Information
'''

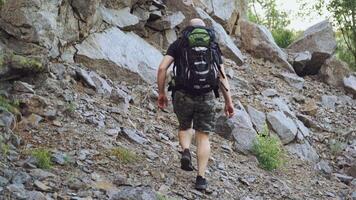 A traveler with a backpack on his shoulders rises to the top of the mountain with stones in the afternoon in warm weather. Tourism. video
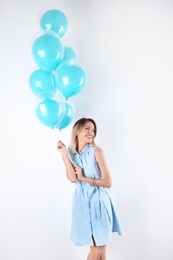 Young woman with air balloons on white background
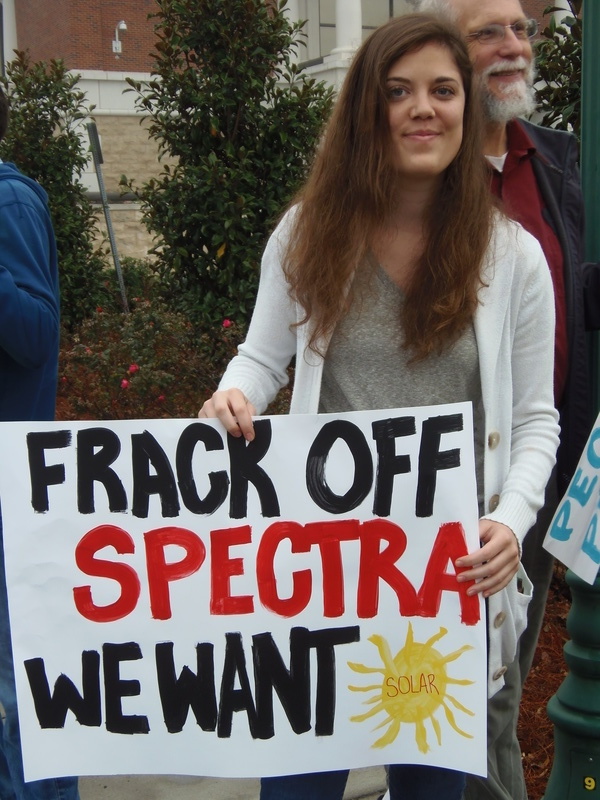 Frack Off Spectra, We Want Solar: Danielle Jordan, President of S.A.V.E., in No pipeline no fracking: protest before Spectra at Lowndes County Commission, by Gretchen Quarterman, for Lowndes Area Knowledge Exchange (LAKE), 9 December 2013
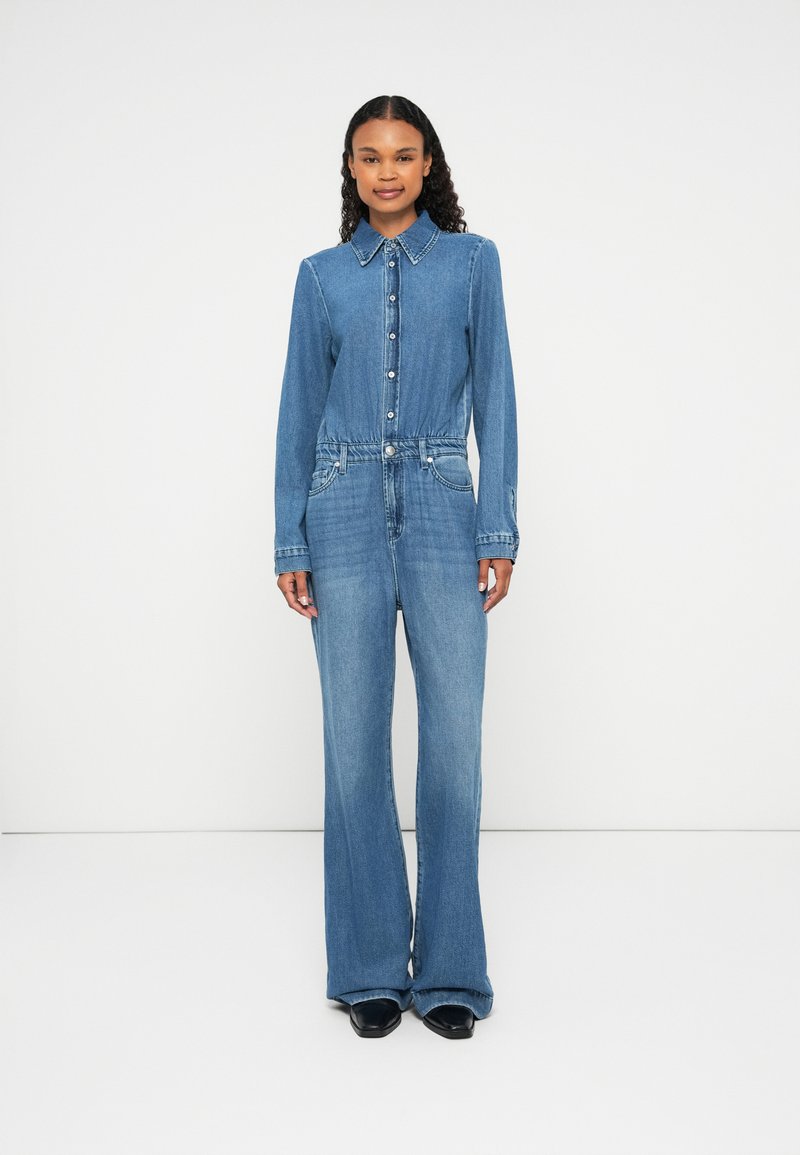 Denim jumpsuit with a collared neckline, front buttons, and wide legs. Features a fitted waist and two side pockets. Light blue color.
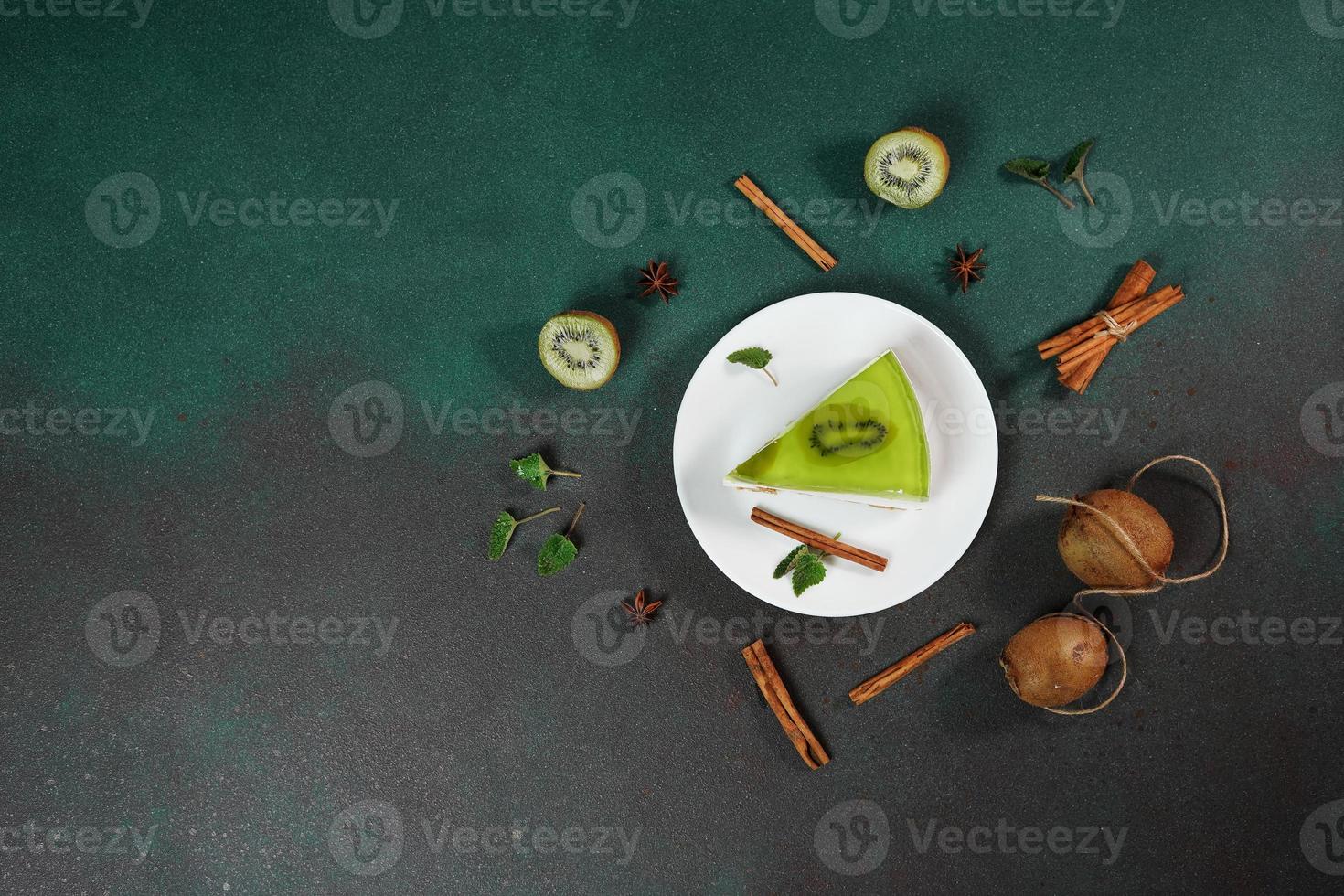 eigengemaakt kwarktaart met kiwi in een wit bord Aan een groen achtergrond. versierd met plak van kiwi, kaneel stok en bladeren munt. top visie foto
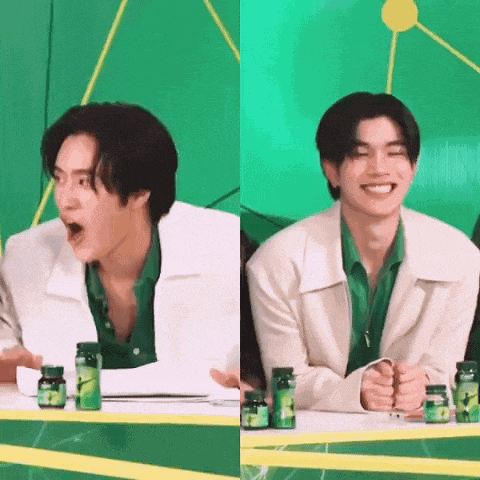 a man in a green shirt and white jacket is sitting at a table with bottles of pills on it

'''

Take the line containing "Frack Off Spectra, We" as the first line and the last line of the data above as the final one, and output exactly the lines between them, inclusive, with no pictures.

 Frack Off Spectra, We Want Solar: Danielle Jordan, President of S.A.V.E., in No pipeline no fracking: protest before Spectra at Lowndes County Commission, by Gretchen Quarterman, for Lowndes Area Knowledge Exchange (LAKE), 9 December 2013
 Denim jumpsuit with a collared neckline, front buttons, and wide legs. Features a fitted waist and two side pockets. Light blue color.
 eigengemaakt kwarktaart met kiwi in een wit bord Aan een groen achtergrond. versierd met plak van kiwi, kaneel stok en bladeren munt. top visie foto
 a man in a green shirt and white jacket is sitting at a table with bottles of pills on it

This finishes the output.